The Allfather, ever crafty used the last trick he had acquired in Jotunheim: The Casket of Ancient Winters. Using the last of his strength, he lay his hand upon her and drew a rune with his own blood on her chin. A rune that only few are strong enough to cast. Not even Queen Frigga would dare to cast something so strong but also reckless.

“What does it do?” a man piped up. The Traveller smiled knowingly.

It is both simple and stupid in equal measure. The Allfather, instead of stripping her powers, instead of exiling her somewhere he could watch carefully, instead of caging her in Asgard’s dungeons, decided it would be wisest to cast her into another dimension. A fool’s plan for such a spell shatters upon death. Such a spell would not quench her powers. Such a spell would leave her unchecked to grow more powerful.  

“And the babe? What happened to it?” A man asked, his forehead etched with paternal concern.

The babe? The babe was fine. While Odin kept him for the sake of his own political machinations, the child was genuinely loved by the Queen- so much so, that when she found out the true mother of the child to be Hela, she did not tell Odin. Odin would be prejudiced enough against him for being Jotnar, it would only be worse if he knew he was Hela’s.  She loved the boy as only a true mother could, and raised him as one of her own.

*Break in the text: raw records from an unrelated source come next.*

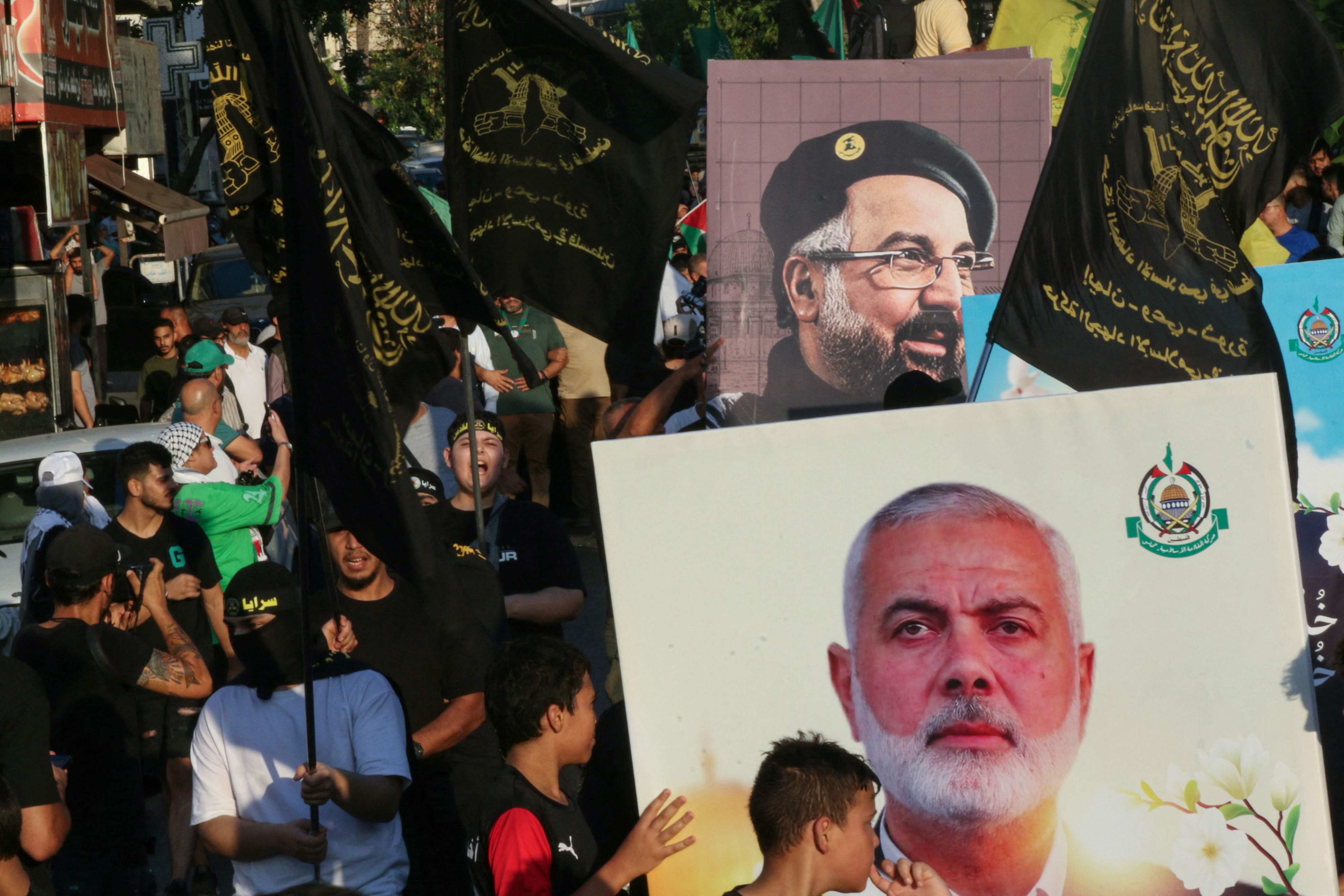 People march in Saida, Lebanon, to protest the assassinations of Hamas leader Ismail Haniyeh (portrait bottom) and Hezbollah military commander Fuad Shukur (portrait top), on August 5. Photo: AFP 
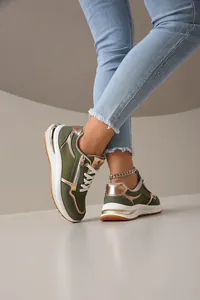 Primer plano de zapatillas de moda para mujer en verde y dorado con cremallera lateral
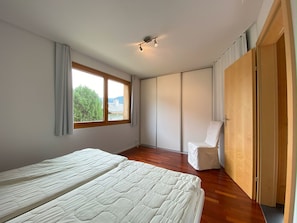 Ein Schlafzimmer mit zwei Betten, einem großen Fenster, einem Kleiderschrank und einem Sessel.
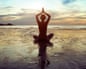 A person doing yoga on a beach with their arms in the air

“Wait. Hela’s son is Thor’s brother?” A man gasped. “That’s so convoluted.”

The Traveller chuckled.

Yes, now you understand. The second prince of Asgard is indeed the son of Hela. He is indeed a rightful heir to both thrones, and if the Norns will it, he will have Asgard’s throne again… But for now, that is Thor’s burden to bear. Not mi- Not his.

Loki’s eyes darted around checking whether anyone had caught his slip, but everyone was too deep into their chalices to notice. He smiled contently and rose, to the ire of the listeners. They called to him to continue, to actually speak of Ragnarok, but he just shook his head.

Another time, when mead has not addled my mind I shall continue. But for now… good morrow.

He looked out at the rising sun, and sauntered over to the door. A smirked played on his lips as he turned to look upon the tavern one more time, and left.

They had received their story and he had received his more than fair fill of free mead.